The upbeat employment report for September, which showed that Nonfarm Payrolls (NFP) rose by 254,000, caused market participants to refrain from pricing in another large Fed rate cut at the policy meeting to be held on November 7. Assessing the recent employment data, Kansas City Fed President Jeffrey Schmid argued that the labor market was normalizing after a period of record over-employment and untenable low unemployment rates, rather than an outright deterioration.

The CME FedWatch Tool currently shows that markets are nearly fully pricing in a 25 basis points (bps) rate reduction at the next policy meeting. Meanwhile, the probability of one more 25 bps rate cut in December currently stands at around 72%, against a 27% chance of a policy hold.

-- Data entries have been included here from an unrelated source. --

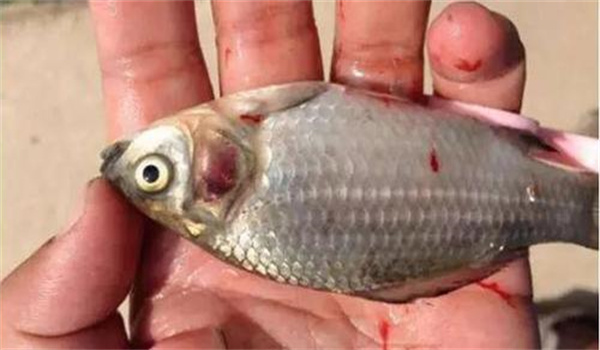 鱼类应激性出血症的主要症状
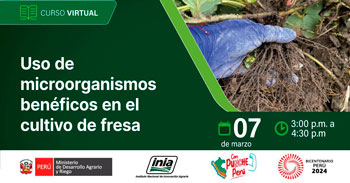 Curso online "Uso de microorganismos benéficos en el cultivo de fresa" del INIA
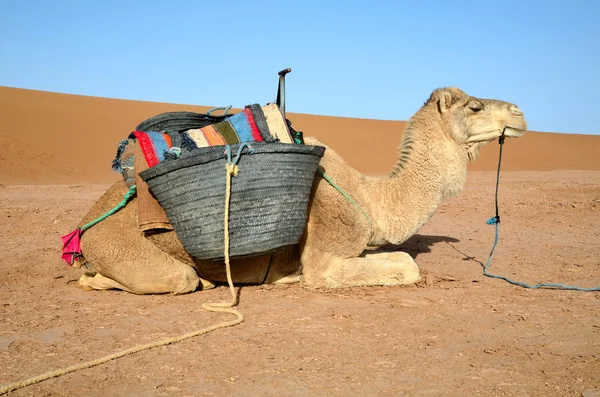 White dromedary — Stock Photo, Image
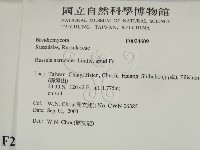 登錄號:F0024609藏品圖，第2張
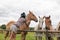 A beautiful girl in glasses and with a bandana on her head strokes the horses in the meadow. Blurred background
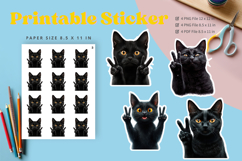 Cat Sticker Printable Funny Cat Meme Sticker Kitty Faces_23 Product Image 1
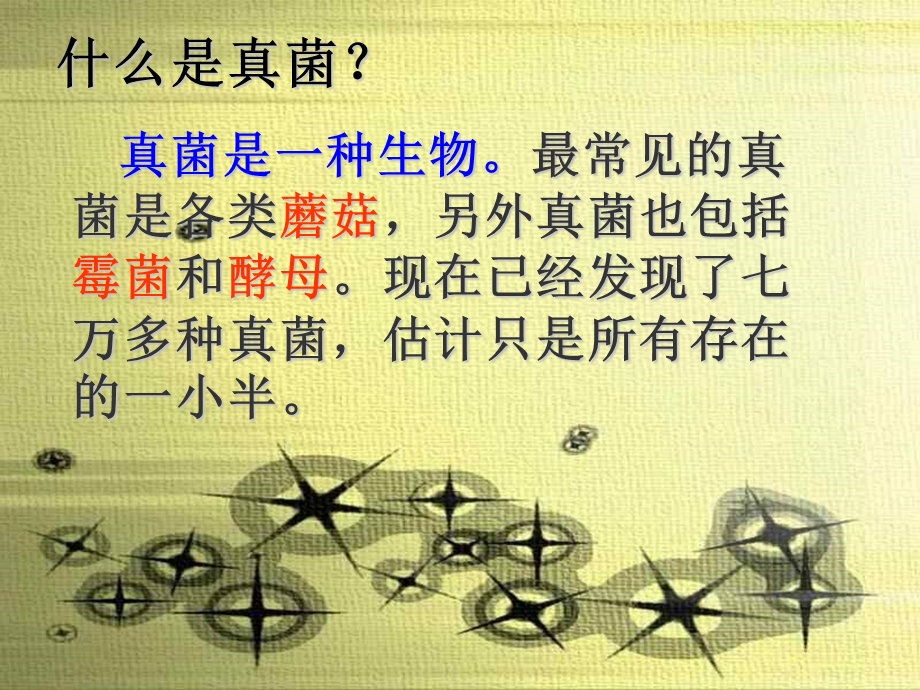 第二单元真菌ppt课件.ppt_第2页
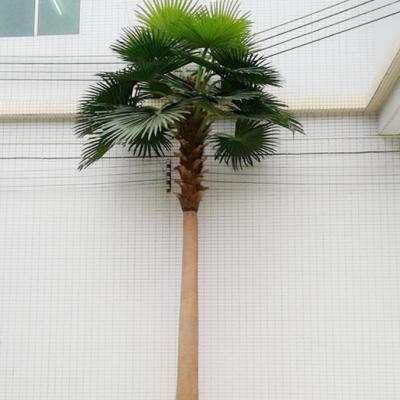 China Hotel Chinese manufacture sale outdoor and indoor artificial Chinese livistona fake palm fan tree chinensis for sale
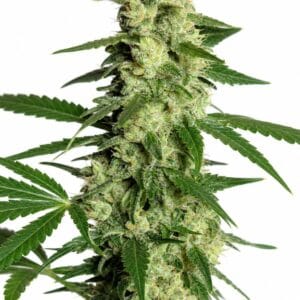 Valencia Seeds - Melonsicle by Seed City Bulk Cannabis Seeds plant image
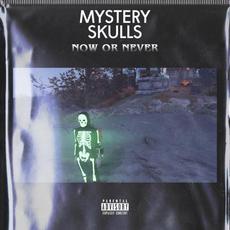 Now Or Never mp3 Album by Mystery Skulls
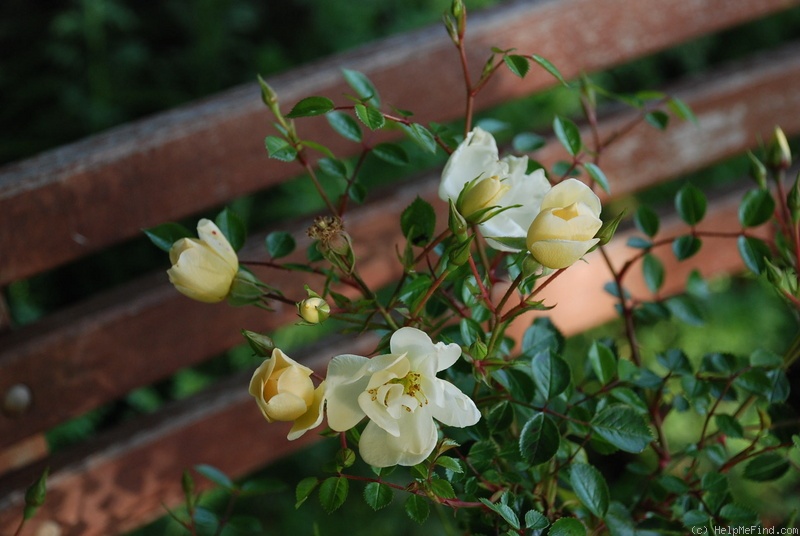 'CHEwbress' rose photo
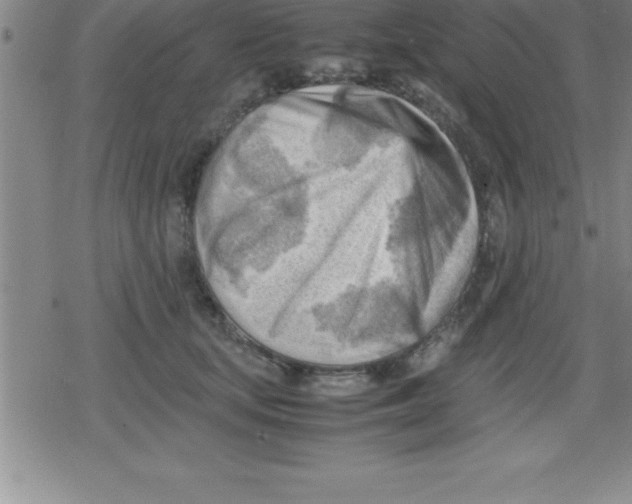 X0000079340659200612151909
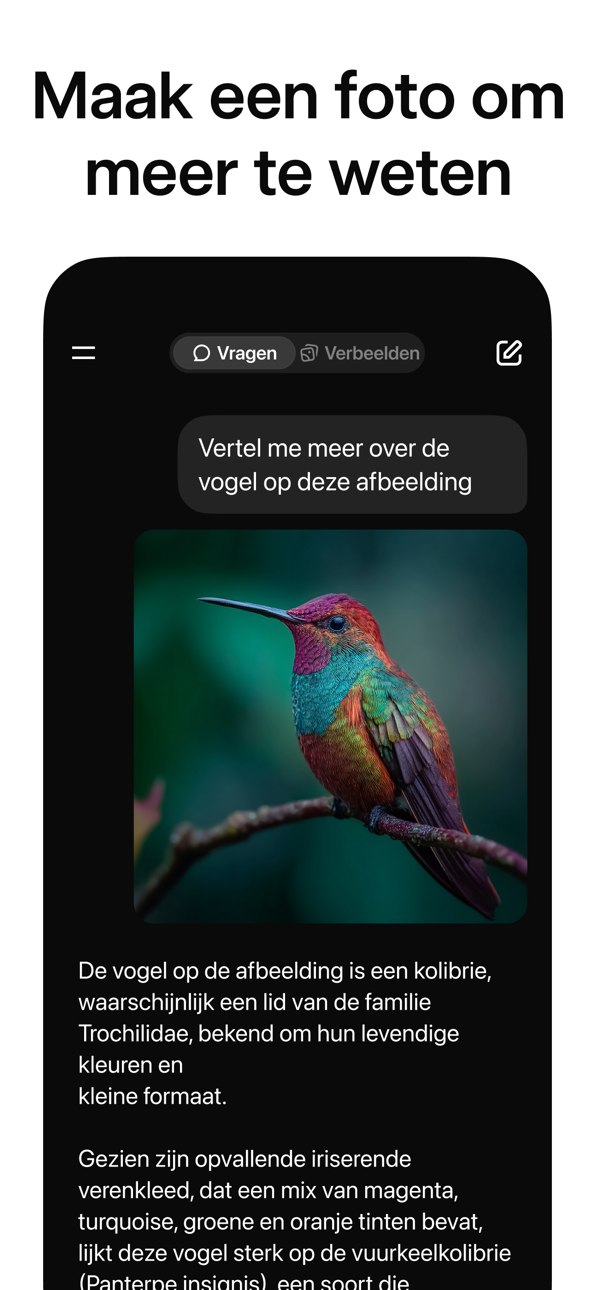 Grok - AI Chat & Video advertising creative 3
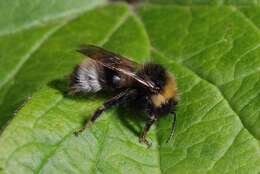 Image of Bombus sylvestris (Lepeletier 1832)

In case there is a positive surprise in the job openings data, with a reading of at or above 8.5 million, the immediate reaction could boost the US Dollar (USD) by causing investors to reassess the probability of a December rate cut. On the other hand, a disappointing print at or below 7.5 million could hurt the USD. 

"Over the month, hires changed little at 5.3 million. Total separations changed little at 5.0 million," the BLS noted in its August JOLTS report. "Within separations, quits (3.1 million) continued to trend down and layoffs and discharges (1.6 million) changed little."

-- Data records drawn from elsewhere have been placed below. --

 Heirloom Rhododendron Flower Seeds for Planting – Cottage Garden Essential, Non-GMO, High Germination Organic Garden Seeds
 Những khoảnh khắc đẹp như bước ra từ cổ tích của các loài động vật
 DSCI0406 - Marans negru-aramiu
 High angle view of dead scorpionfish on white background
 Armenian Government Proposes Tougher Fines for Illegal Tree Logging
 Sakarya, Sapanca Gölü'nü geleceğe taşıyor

When will the JOLTS report be released and how could it affect EUR/USD?

Job openings’ numbers will be published on Tuesday at 14:00 GMT. Eren Sengezer, European Session Lead Analyst at FXStreet, shares his view on the potential impact of JOLTS data on EUR/USD:

“Unless there is a significant divergence between the market expectation and the actual print, the market reaction to JOLTS data is likely to remain short-lived, with investors refraining from taking large positions ahead of the third-quarter Gross Domestic Product (GDP) data and the October employment report, which will be published on Thursday and Friday, respectively.”

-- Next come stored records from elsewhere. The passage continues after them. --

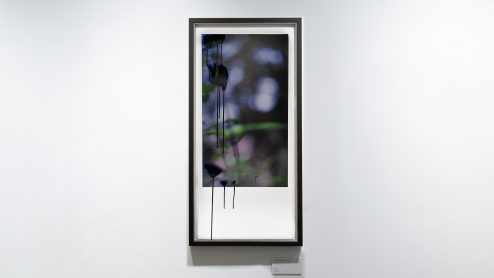 The Hesitation of the Image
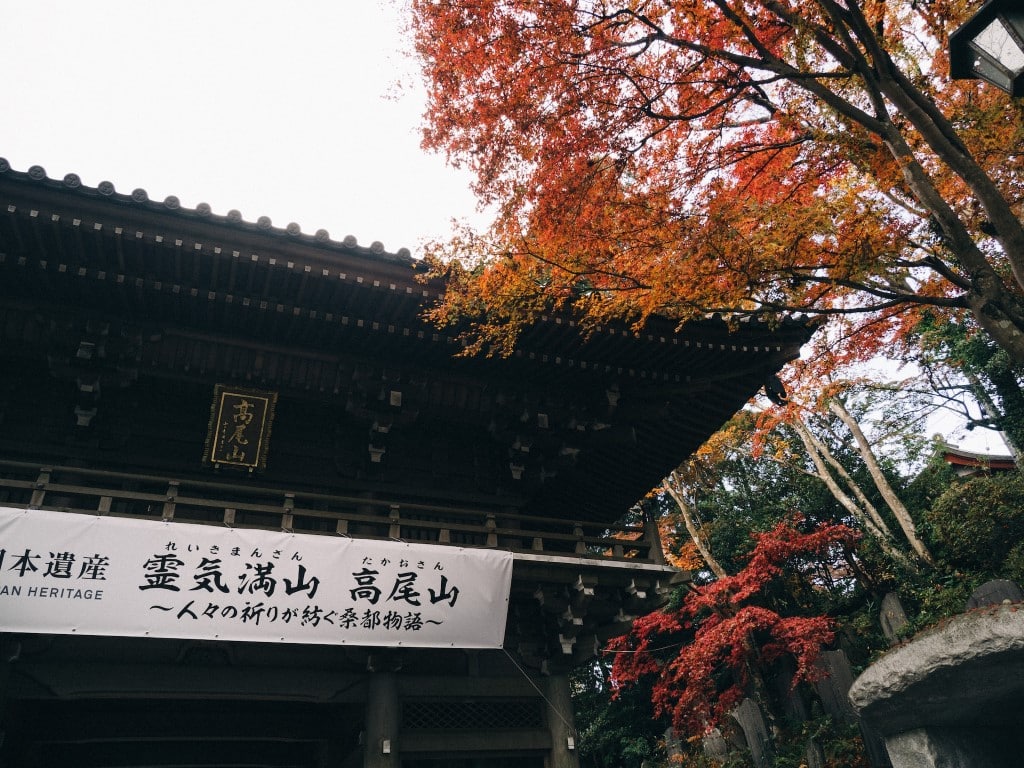 japan autumn trees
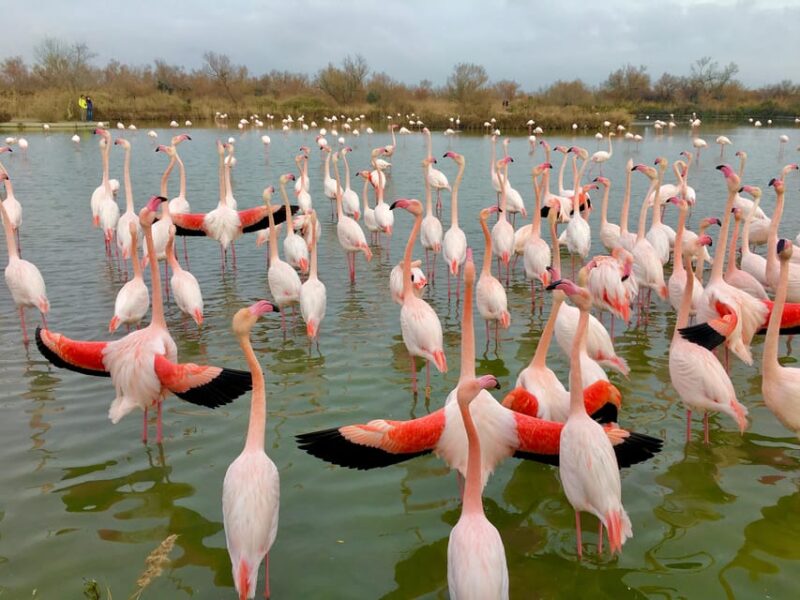 Arles & Camargue Regional Natural Park - Highlights of Arles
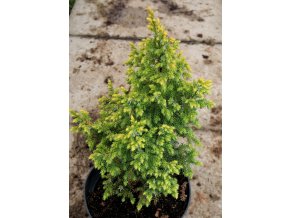 Juniperus squamata 'Huldson Yellow' - jalovec šupinatý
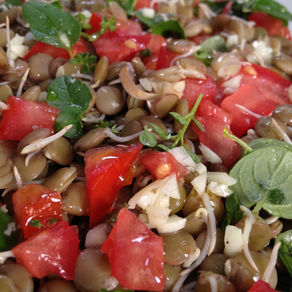 SALADE DE LENTILLES GERMEES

“EUR/USD’s near-term technical outlook suggests that the bearish bias remains intact. The Relative Strength Index (RSI) indicator on the daily chart stays below 40 and the 20-day Simple Moving Average (SMA) continues to move away from the 100-day SMA after completing a bearish cross late last week.”

“On the upside, 1.0870 (Fibonacci 23.6% retracement level of October downtrend, 200-day SMA) aligns as key resistance. If EUR/USD rises above this level and starts using it as support, technical buyers could take action. In this scenario, 1.0930 (Fibonacci 38.2% retracement, 100-day SMA) could be seen as the next bullish target before 1.1000 (round level). Looking south, first support could be spotted at 1.0770 (end-point of the downtrend) before 1.0700 (round level) and 1.0620 (static level from April).”

Interest rates FAQs

Interest rates are charged by financial institutions on loans to borrowers and are paid as interest to savers and depositors. They are influenced by base lending rates, which are set by central banks in response to changes in the economy. Central banks normally have a mandate to ensure price stability, which in most cases means targeting a core inflation rate of around 2%. If inflation falls below target the central bank may cut base lending rates, with a view to stimulating lending and boosting the economy. If inflation rises substantially above 2% it normally results in the central bank raising base lending rates in an attempt to lower inflation.

Higher interest rates generally help strengthen a country’s currency as they make it a more attractive place for global investors to park their money.

Higher interest rates overall weigh on the price of Gold because they increase the opportunity cost of holding Gold instead of investing in an interest-bearing asset or placing cash in the bank. If interest rates are high that usually pushes up the price of the US Dollar (USD), and since Gold is priced in Dollars, this has the effect of lowering the price of Gold.

The Fed funds rate is the overnight rate at which US banks lend to each other. It is the oft-quoted headline rate set by the Federal Reserve at its FOMC meetings. It is set as a range, for example 4.75%-5.00%, though the upper limit (in that case 5.00%) is the quoted figure. Market expectations for future Fed funds rate are tracked by the CME FedWatch tool, which shapes how many financial markets behave in anticipation of future Federal Reserve monetary policy decisions.